- Work required
Would you please repeat, word for word, only the lines from the one holding "463 Lautner Lane, Palm" through the one holding "3rd image of 405 Grimes Ave" in the material below, without the pictures?

----- Data in this exercise -----

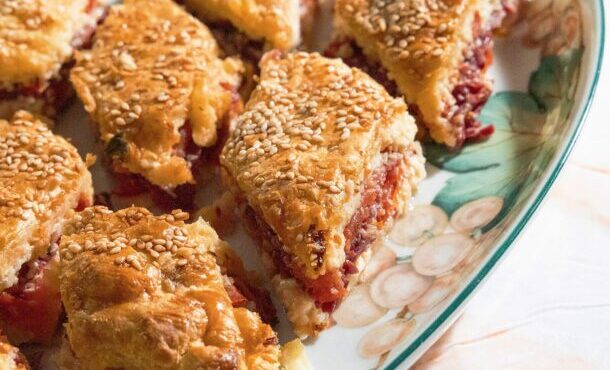 παστουρμαδόπιτα-με-σφολιάτα-αρμένικ-563937967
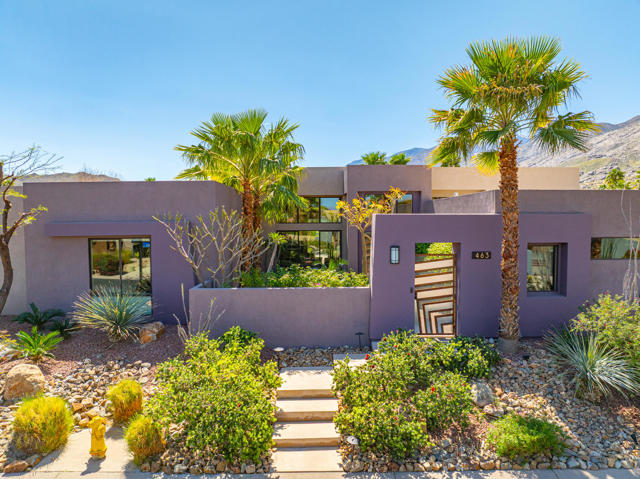 463 Lautner Lane, Palm Springs CA: https://media.crmls.org/mediaz/98ab5a53-ccef-4d55-a922-00fec34cfc8a.jpg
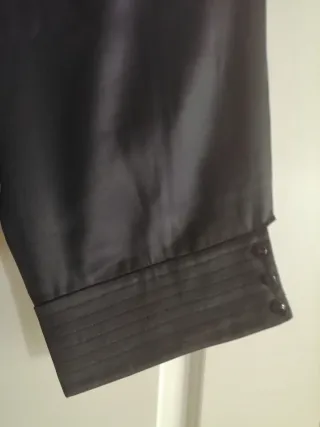 Pantalón corto satinado negro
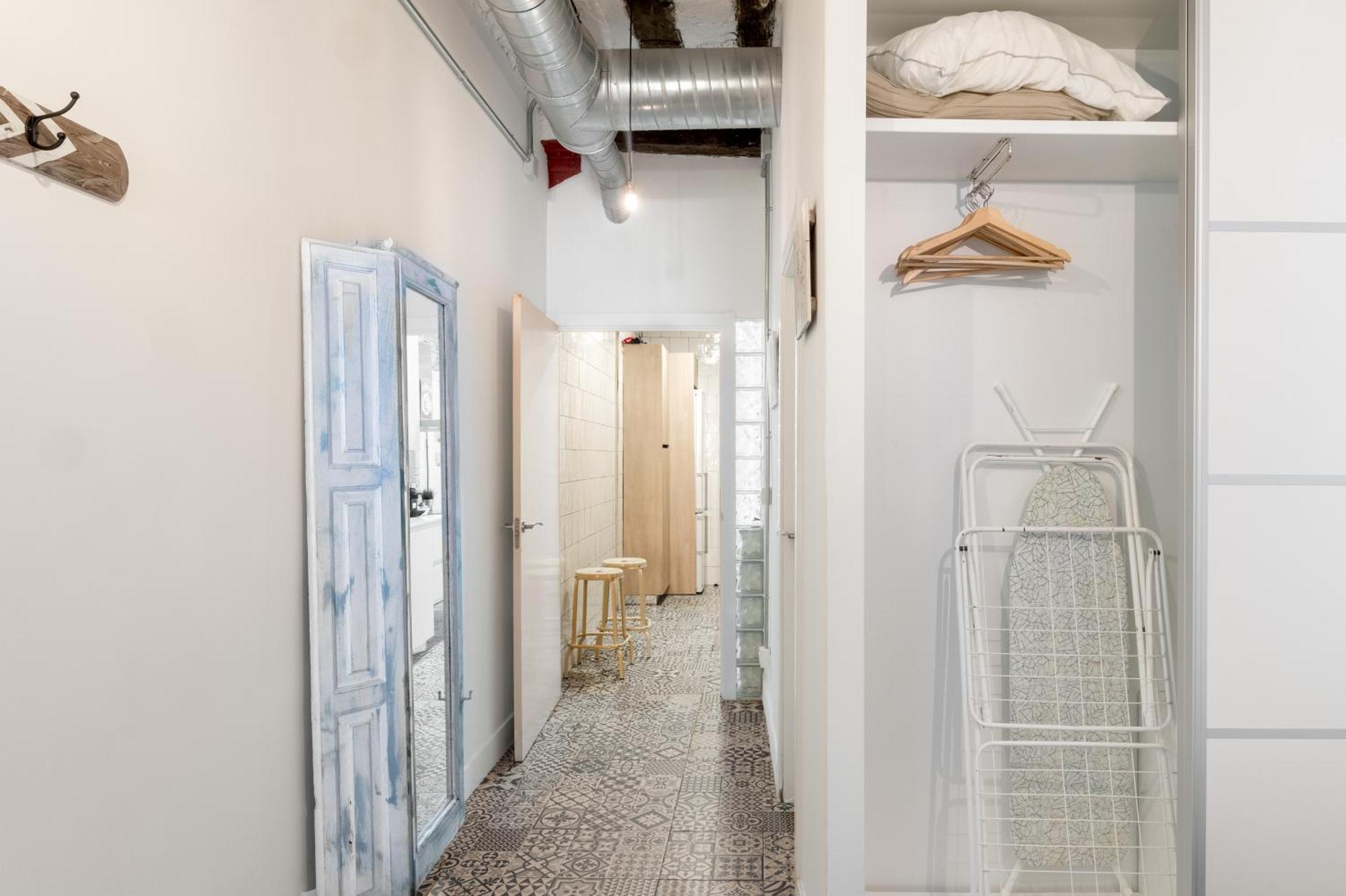 Vintage Apartment Near Puerta Del Sol マドリード エクステリア 写真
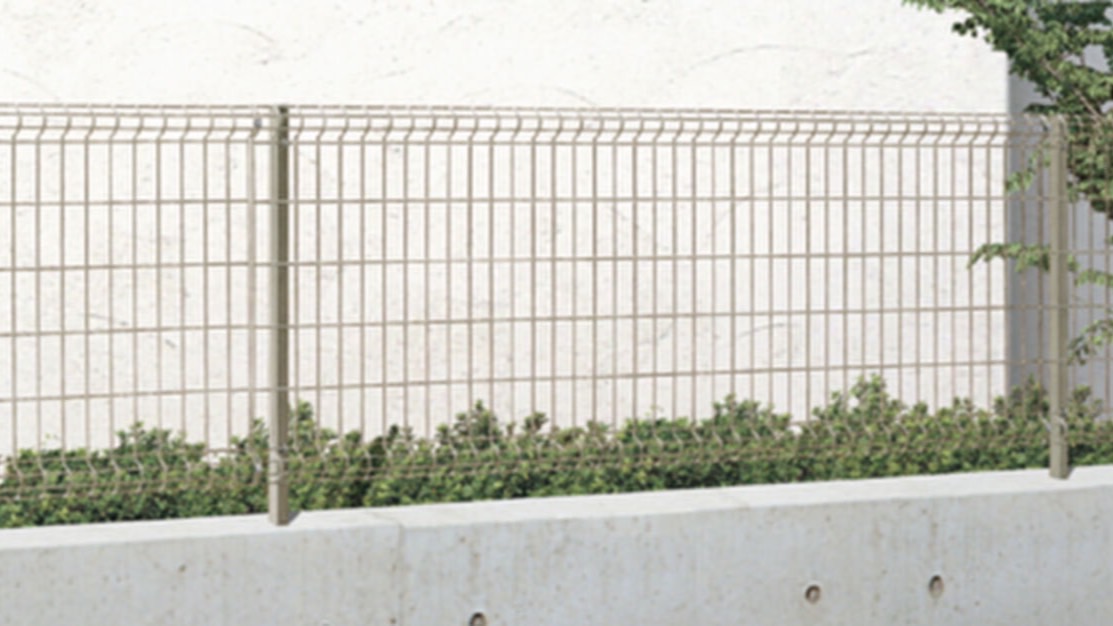 フェンス　スチール　ステンレス　外構　モダン　 おしゃれ　エクステリア　愛知・名古屋の外構専門店パートナーホームのエクステリア　製品一覧　ハイグリッドフェンスN8型　シャイングレー|パートナーホーム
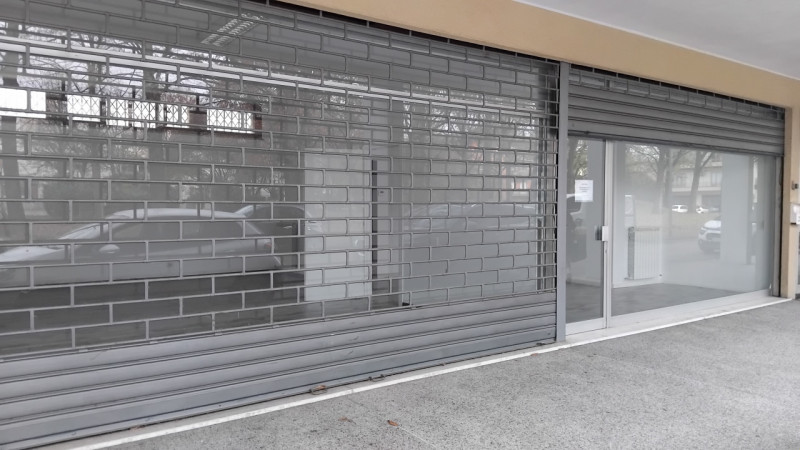 Immagine 10 di Negozio in affitto  in via belluno a Mirano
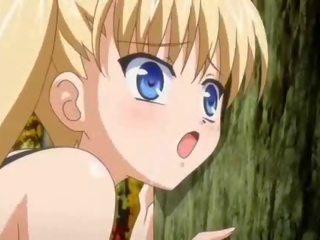 Blond divinity l'anime obtient pilé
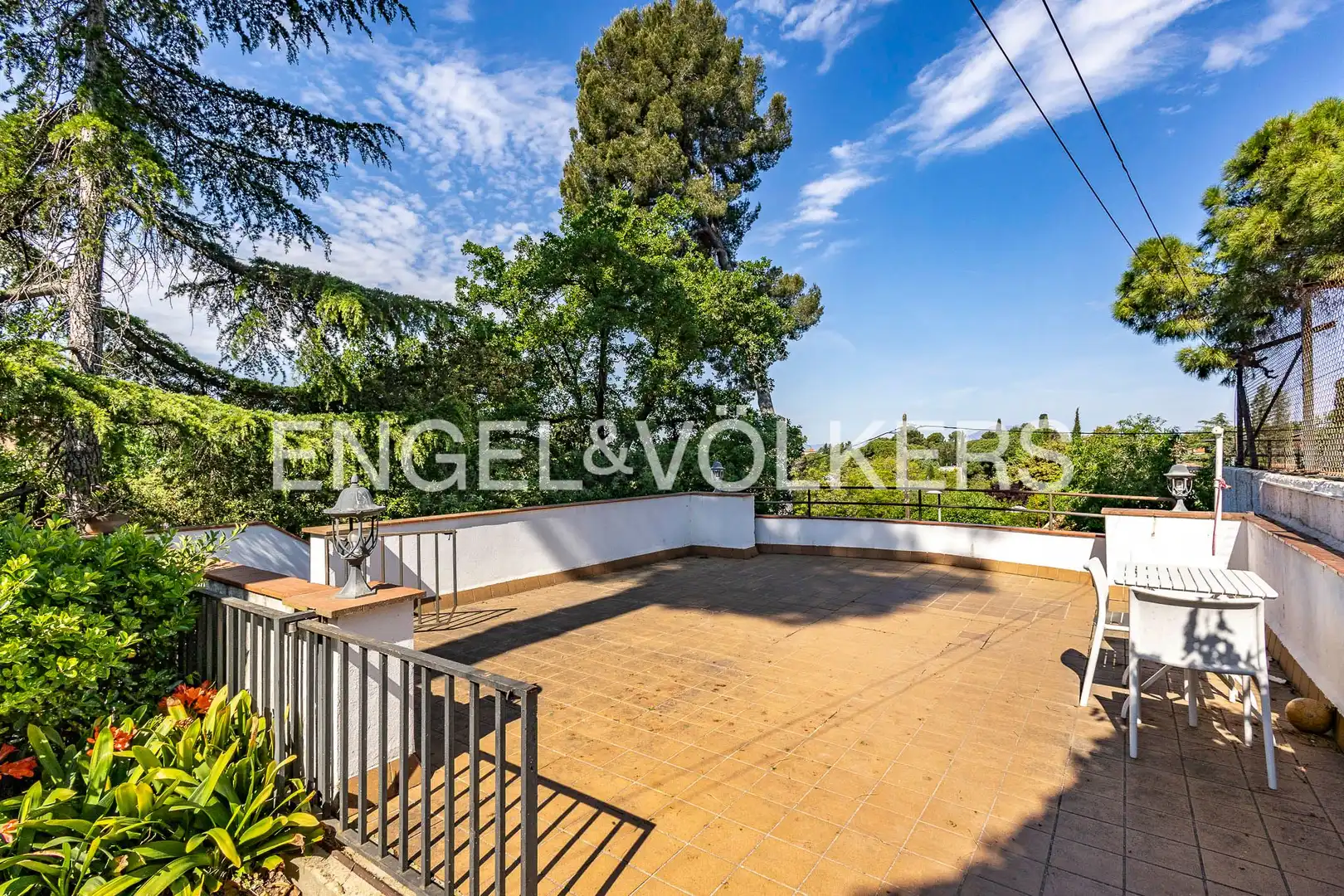 Terrassa de Casa o xalet en venda en Sant Cugat del Vallès amb Calefacció, Jardí privat i Parquet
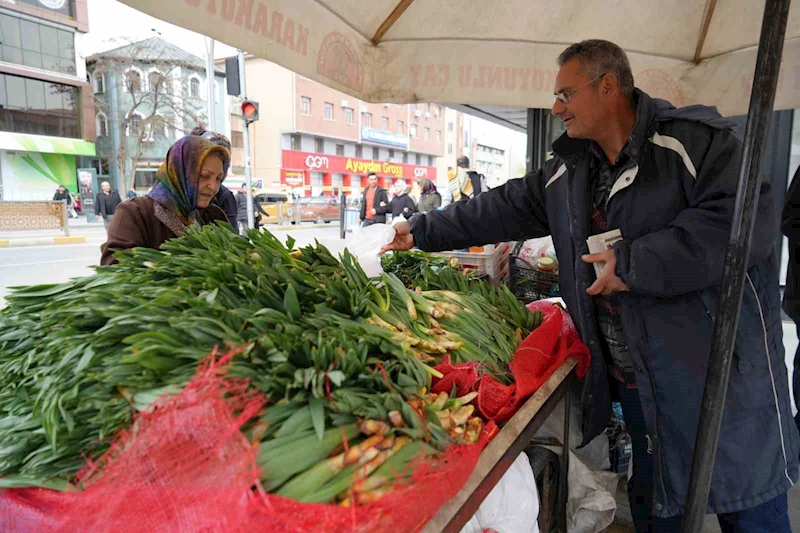 Lezzet ve şifa deposu çiriş otu tezgahlarda yerini aldı
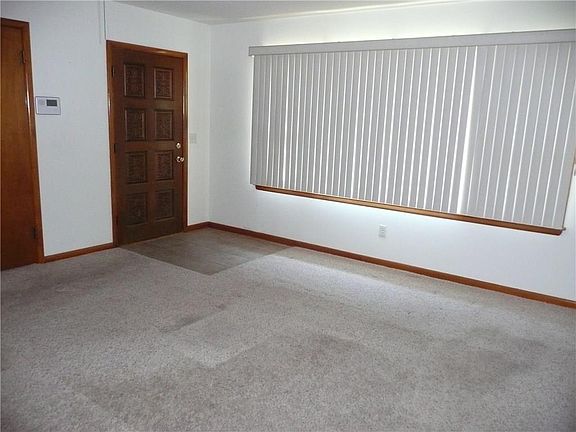 3rd image of 405 Grimes Ave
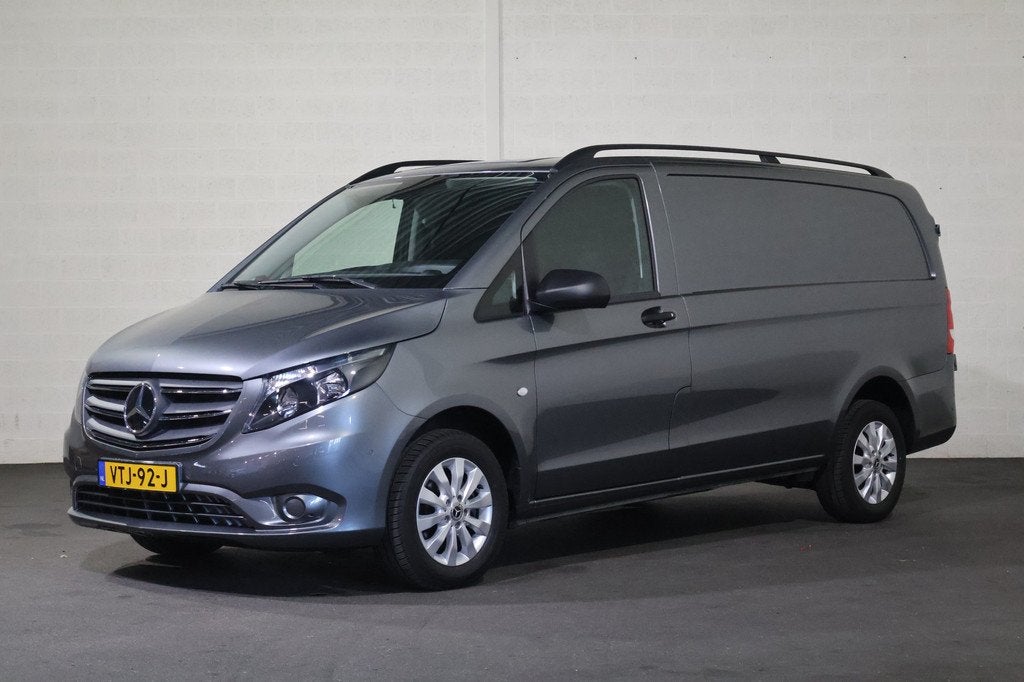 Mercedes-Benz Vito 110 CDI Lang Airco Navigatie 16dkm, Auto's, Bestelauto's, Bedrijf, Te koop, ABS, Airbags, Airconditioning, Alarm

-----

- Exercise response
 463 Lautner Lane, Palm Springs CA: https://media.crmls.org/mediaz/98ab5a53-ccef-4d55-a922-00fec34cfc8a.jpg
 Pantalón corto satinado negro
 Vintage Apartment Near Puerta Del Sol マドリード エクステリア 写真
 フェンス　スチール　ステンレス　外構　モダン　 おしゃれ　エクステリア　愛知・名古屋の外構専門店パートナーホームのエクステリア　製品一覧　ハイグリッドフェンスN8型　シャイングレー|パートナーホーム
 Immagine 10 di Negozio in affitto  in via belluno a Mirano
 Blond divinity l'anime obtient pilé
 Terrassa de Casa o xalet en venda en Sant Cugat del Vallès amb Calefacció, Jardí privat i Parquet
 Lezzet ve şifa deposu çiriş otu tezgahlarda yerini aldı
 3rd image of 405 Grimes Ave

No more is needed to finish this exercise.